Setiap pengunjung di antar menuju rumah utama karena akan ada semacam prosesi adat setempat dalam rangka menyambut tamu. Untuk sementara seorang pemuda lokal menemani kami. Tak lama setelah berada di dalam rumah utama, sang ketua adat datang menemui kami, tamu-tamunya. Penampilannya sederhana. Sarung tenun, kemeja putih, dan ikat kelapa. Dia menasihati kami perihal apa yang boleh dan tak boleh dilakukan selama di situ. Informasinya kurang lebih sama dengan yang disampaikan Enjas dalam perjalanan tadi. Satu hal yang ditekankan, yaitu keberadaan altar budaya yang terletak di tengah kampung.

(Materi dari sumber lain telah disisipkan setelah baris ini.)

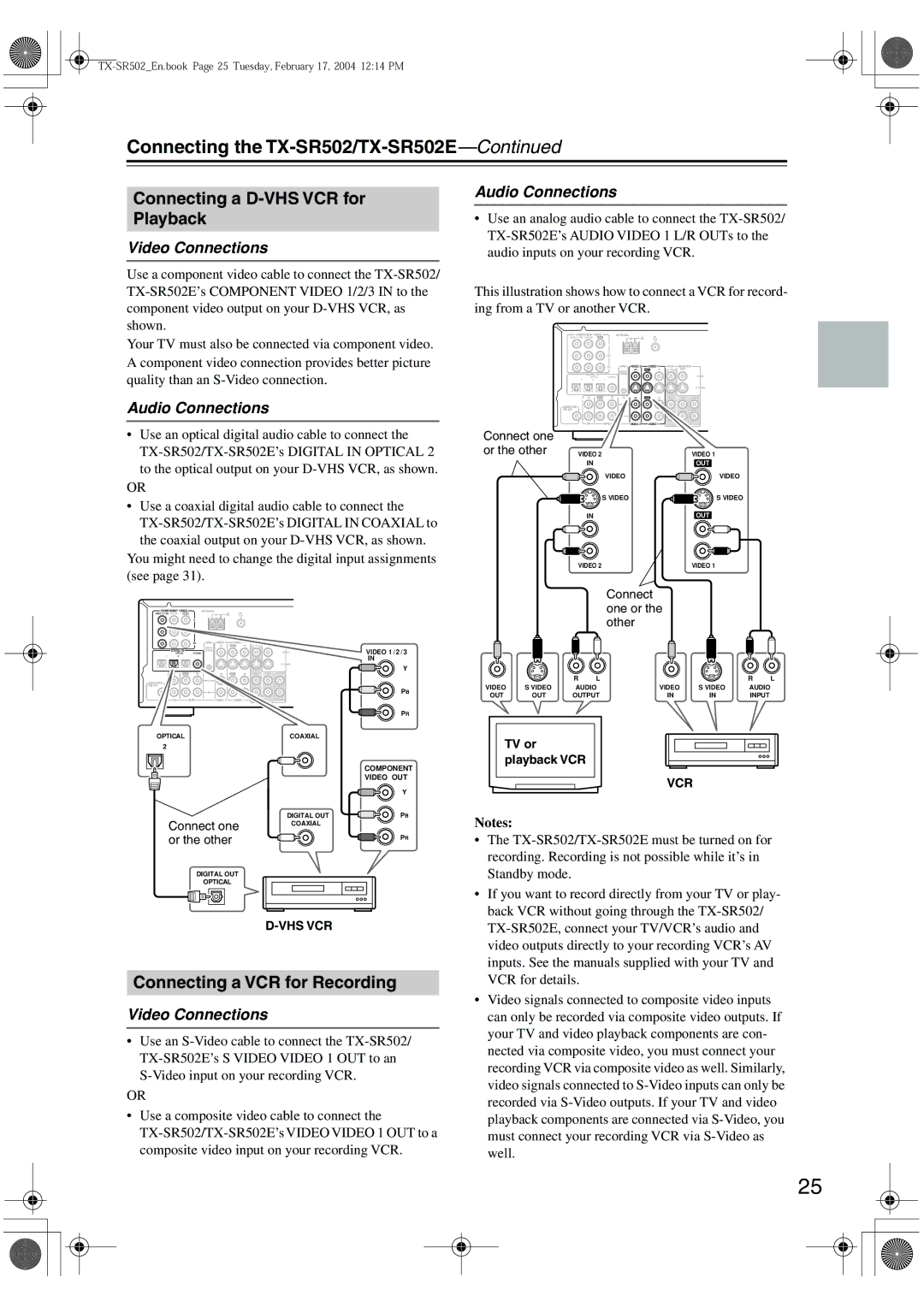 Onkyo TX-SR502 Connecting a D-VHS VCR for Playback, Connecting a VCR for Recording, Video Connections Audio Connections 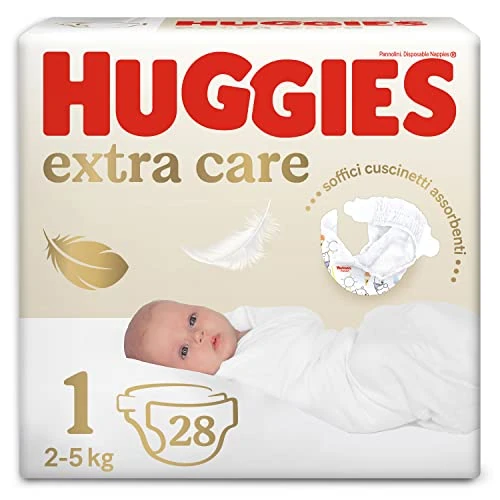 Offerta a tempo: Huggies Extra Care Bebe, Pannolini Taglia 1 (2-5Kg), Ipoallergenico, Design Winnie The Pooh, 28 Pz — 26% da 6,69 € a 4,96 €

Agar kunjungan ke mari berjalan dengan baik, memang sudah seharusnya memperhatikan dengan serius aturan berkunjung dan keseriusan menghormati apapun yang diyakini oleh masyarakat setempat. Masih dari dalam rumah itu, saya melempar pandangan dari sudut ke sudut ruangan. Dari keterangan ketua adat, rumah ini terdiri dari lima lantai. Lantai pertama berfungsi sebagai tempat tinggal. Lantai kedua untuk menyimpan stok makanan dan peralatan rumah tangga. Lantai ketiga untuk menyimpan cadangan makanan jika sewaktu-waktu terjadi paceklik atau gagal panen. Lantai keempat untuk menyimpan benih untuk bercocok tanam. Dan lantai kelima dikhususkan untuk menyimpan sesajian ritual adat untuk leluhur saat pertama kali rumah adat ini didirikan.
Kesan alami terlihat kuat pada konstruksi rumah yang mereka tempati. Semua serba alami dengan memanfaatkan bahan-bahan yang ada di alam. Sebut saja kayu untuk tiang dan kerangka utama, tali rotan untuk menyatukan semua bahan. Bukan paku. Atapnya terbuat dari daun lontar yang ditutupi ijuk. Sungguh unik lagi hemat.